Tuesday, May 5, 2020

Cinco de Money

The governor permitted small retail stores like DSG to re-open Monday on a limited basis, with appointment service and obviously still no in-store gameplay.  The public responded to the tune of triple the sales of a normal Monday.  While we have no illusions that this pace is sustainable, it does speak to pent-up demand and is a relief to see after the awful level of politicization of the COVID shutdowns that has emerged in the public sphere.  We could have opened the doors to a cloud of inbound hate, but nothing of the sort materialized, thankfully.

We have plexiglass, masks, wipes, and hand sanitizer.  The floor has markings every six feet from the register.  Online orders continue to come in at a turgid pace, which is still a strain to keep up with on a staff that hasn't fully returned from furlough yet.  But we're managing it.
One of the things I'm happiest about is finally getting to return to tasks that generate money for the front-of-house primarily.  I put all of that on the back burner when we closed, because we could not possibly benefit from it until we re-opened.  Stuff like processing video game buys, that sort of thing.
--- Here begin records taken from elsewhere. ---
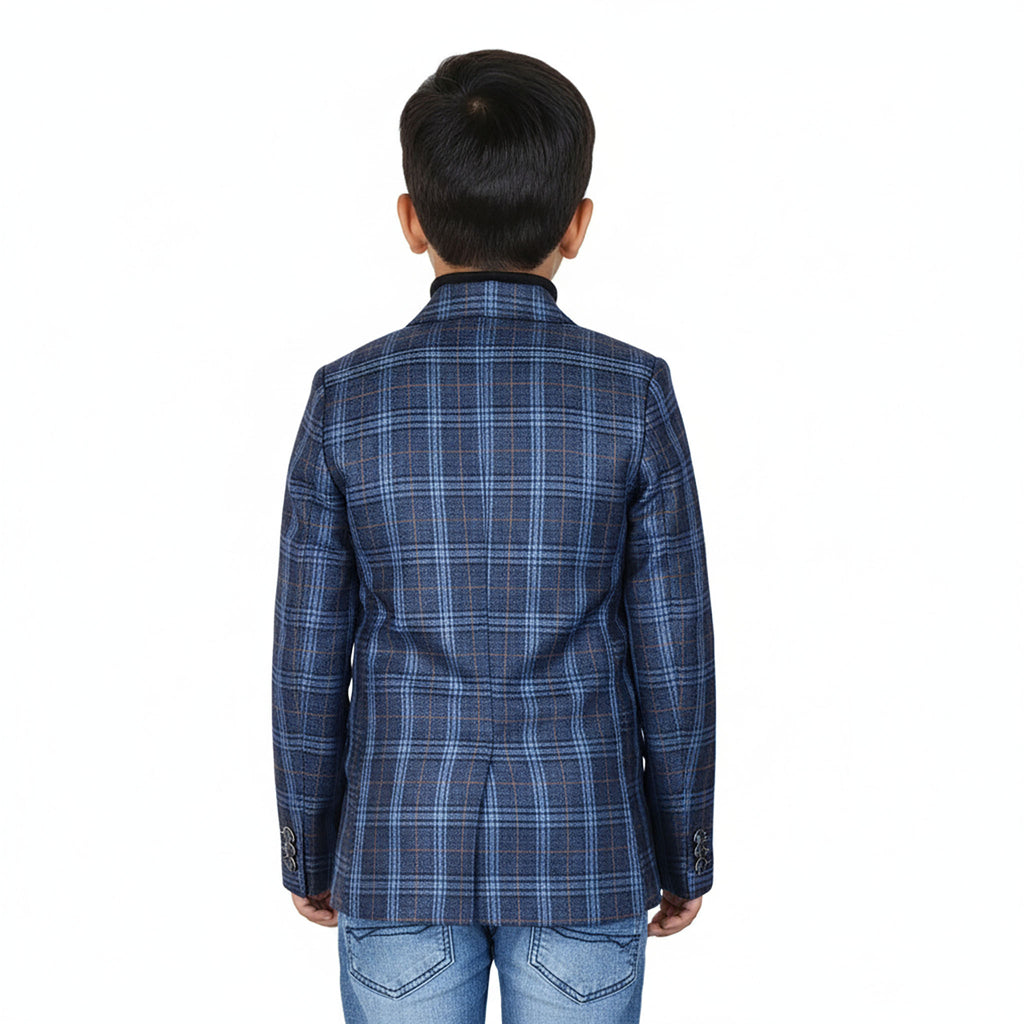 Premium Quality Boys Blue Check Casual Coat: Stylish Winter Layer
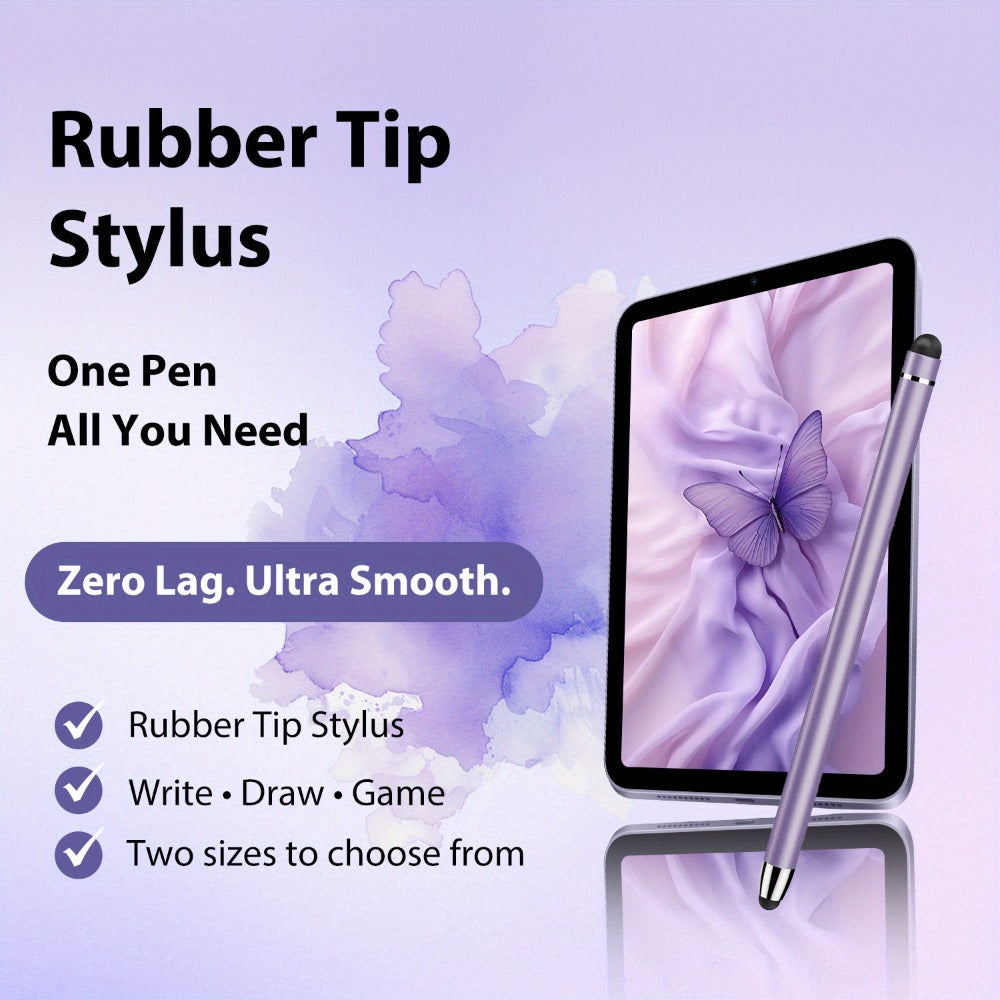 5-Piece Dual-Tip Stylus Pen Set with Metal Bodies, Two Rubber Tip Sizes and 10 Replacement Tips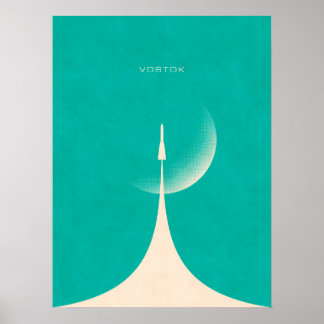 Poster Rocket Vostok - Moon Aqua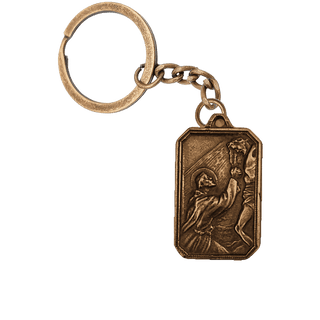 Vintage Bronze St. Francis Embracing the Crucified Medal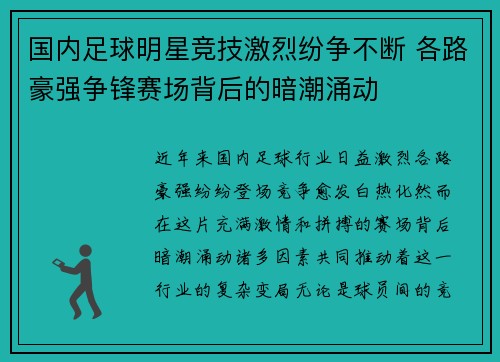 国内足球明星竞技激烈纷争不断 各路豪强争锋赛场背后的暗潮涌动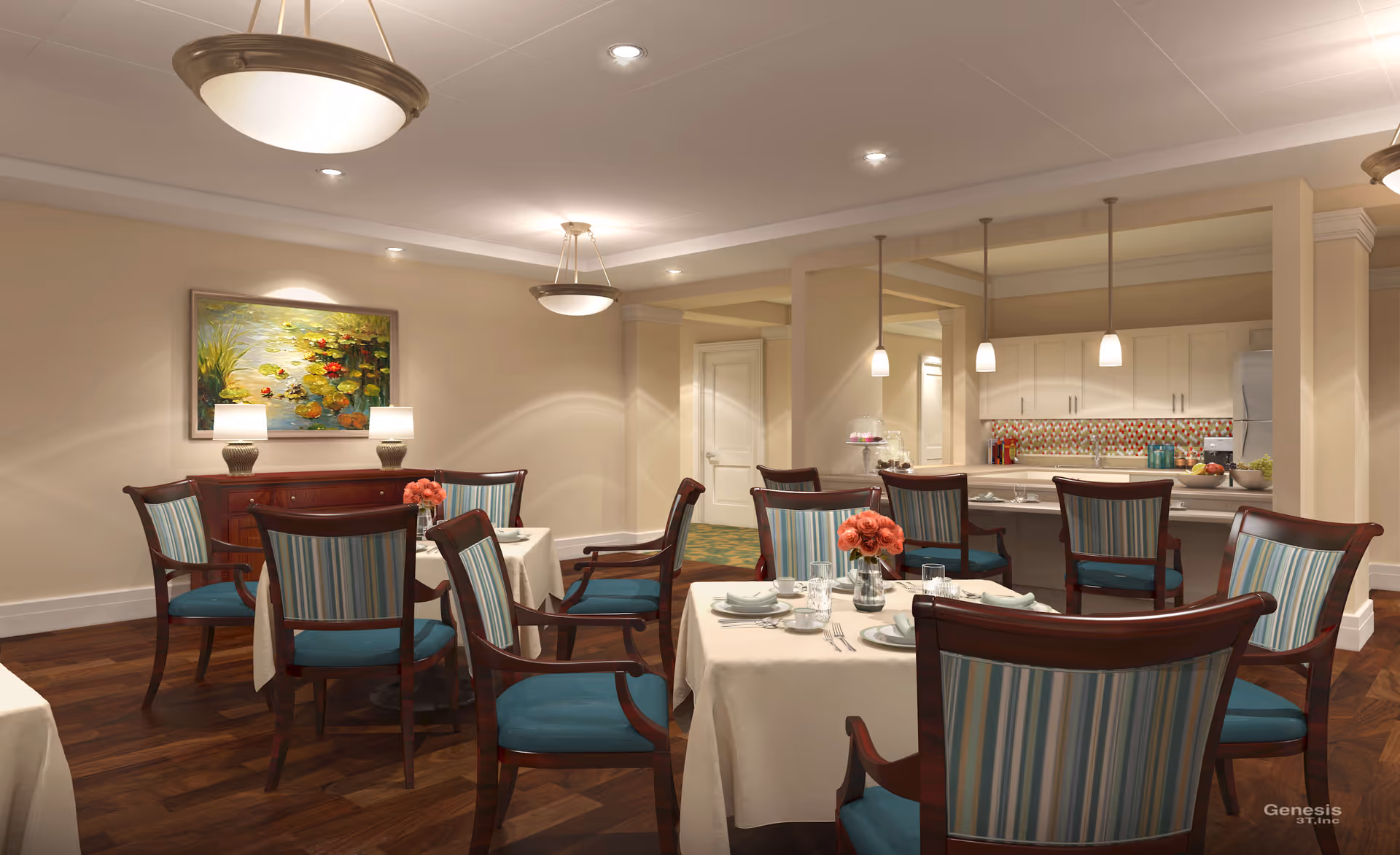 A cozy dining room with several tables covered in white tablecloths, each set with plates, cups, and silverware. The chairs have wooden frames with blue and striped upholstery. The room features warm lighting from ceiling fixtures and table lamps on a sideboard beneath a colorful painting of water lilies. In the background, there is a kitchen area with white cabinets, a refrigerator, and a countertop with bar stools.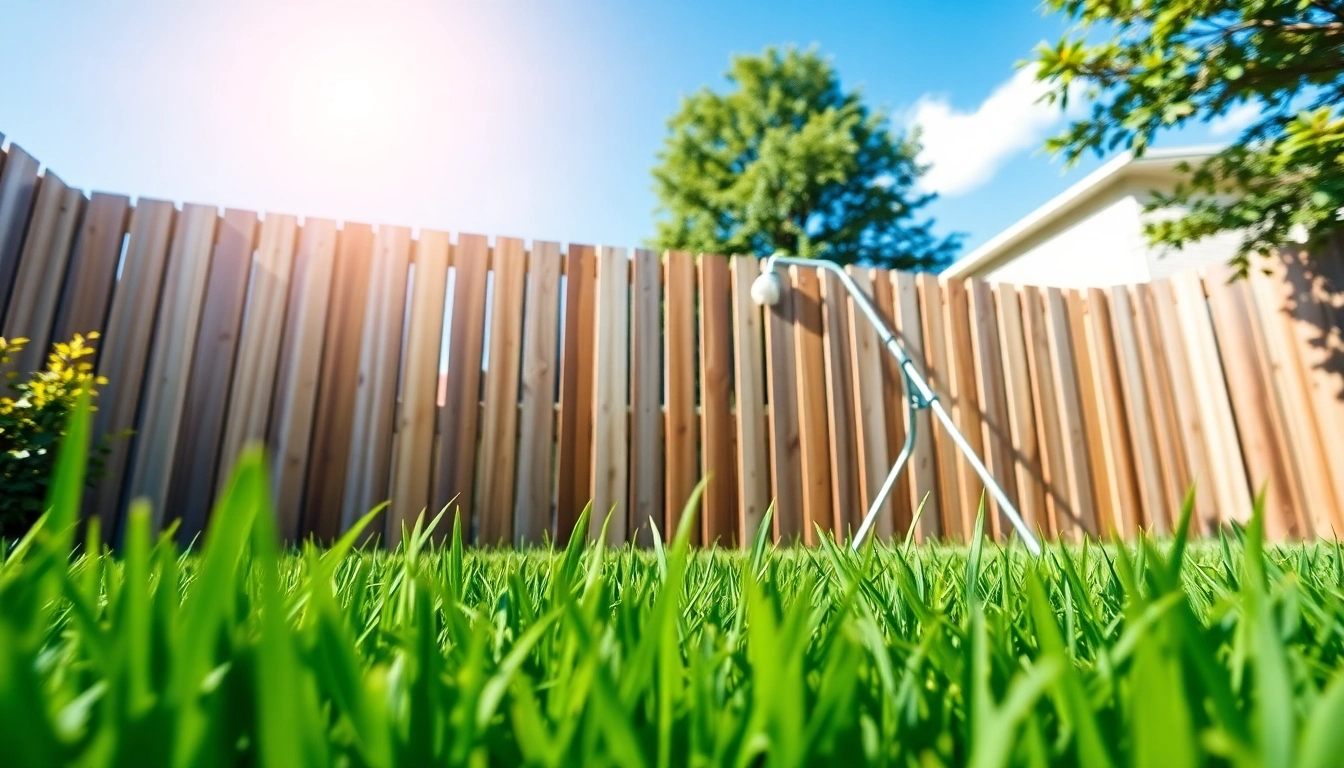 Fence cleaning process showcasing a clean wooden fence in bright backyard setting.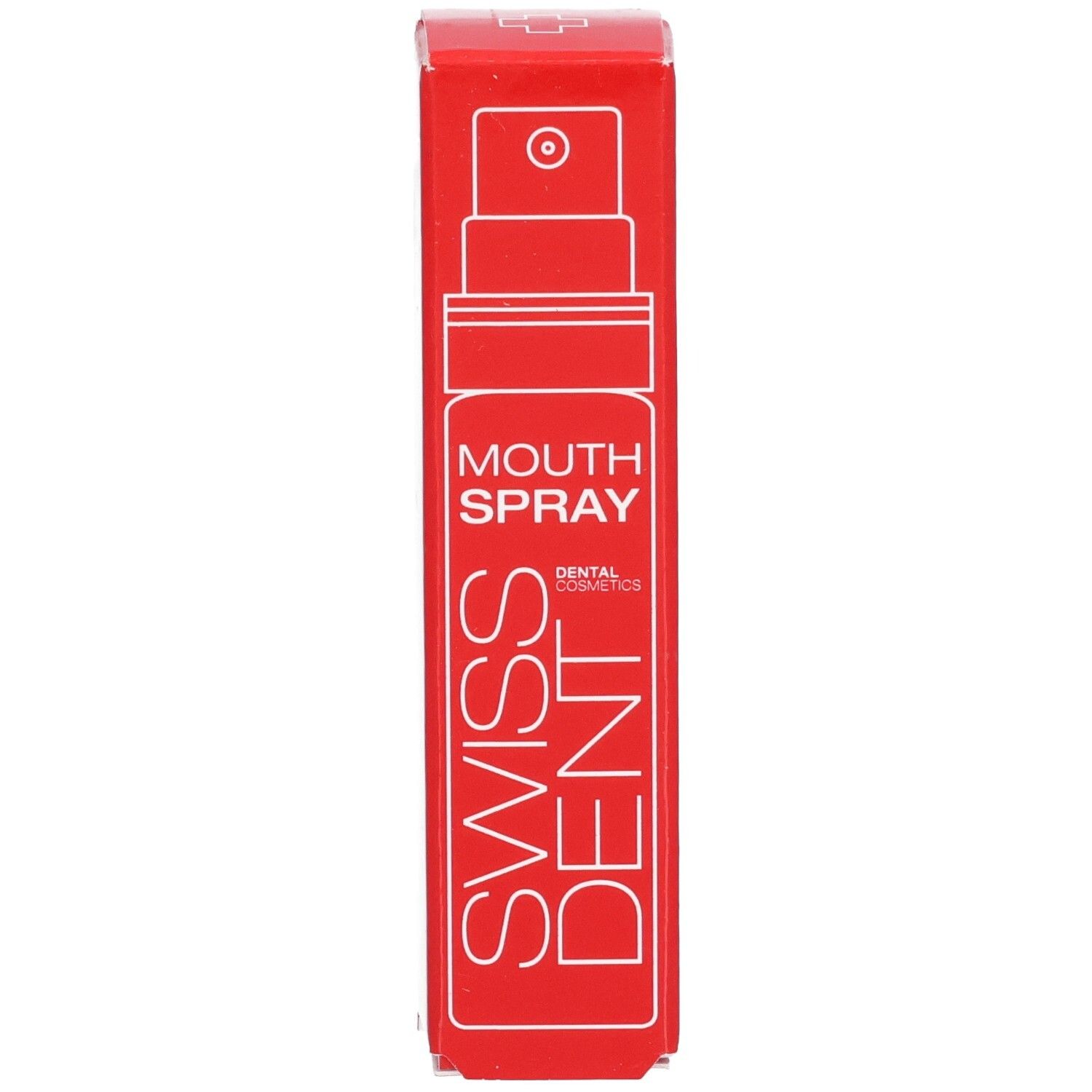 Boîte rouge SWISSDENT Mouth Spray. Inscription: Mouth Spray, Swiss Dent. Illustration d'un spray buccal.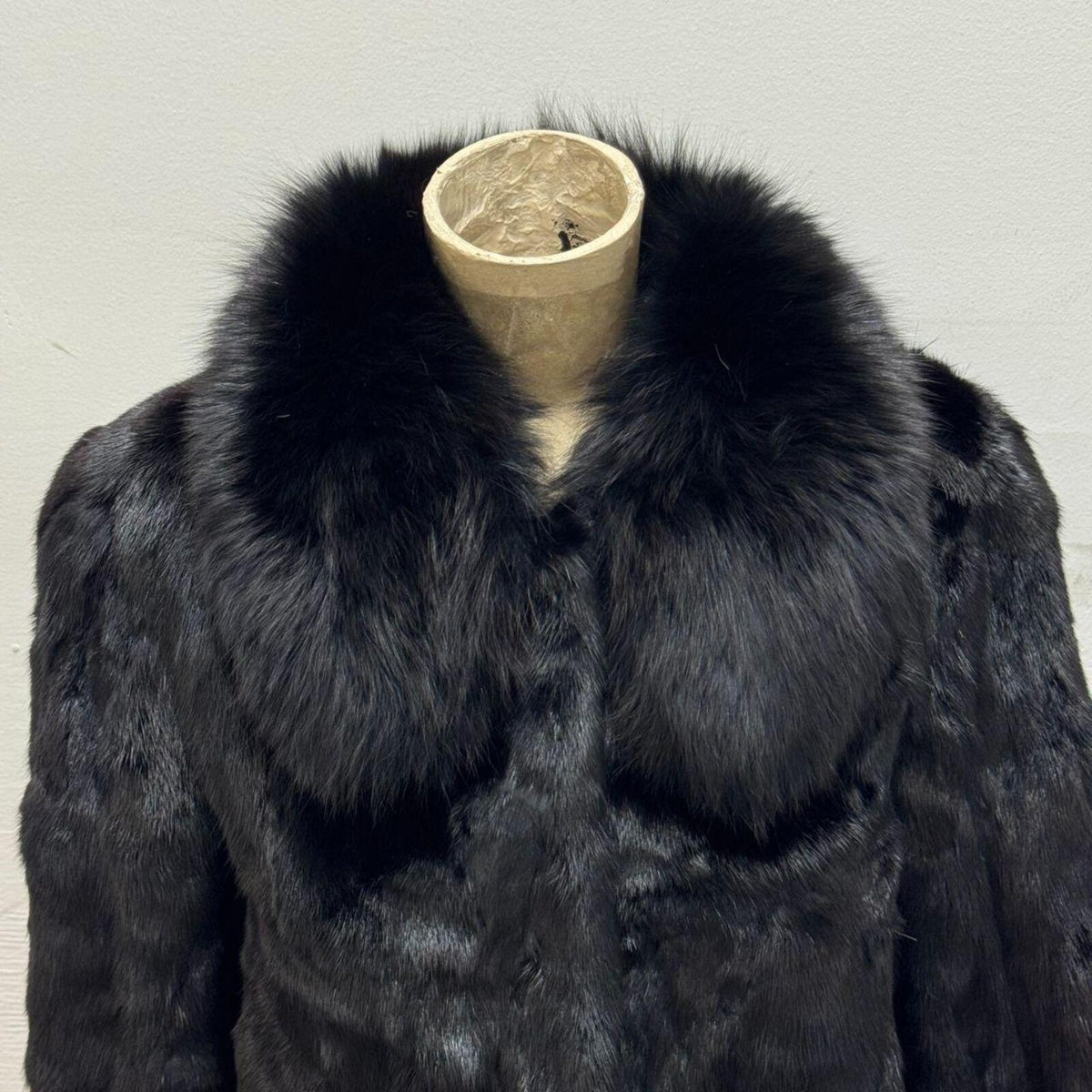 Vintage Black Rabbit & Fox Fur Jacket Coat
As a result, gigantic piles of systems, games, controllers, and accessories built up in my office, unattended to.  I am now digging my way through those piles and getting stuff out onto the racks and into the cases just in time for people to come purchase it.  In one case earlier today, I wasn't even finished, a gentleman arrived asking for a particular Rock Band guitar instrument that was still in processing backstage.  I had my staff wipe it down, I added it to the system, didn't bother with a barcode and label, and we just took care of the guy.  There's a lot of such ad-hoc work right now, as we expected.  Our data mining will be imperfect, but I don't like turning down money.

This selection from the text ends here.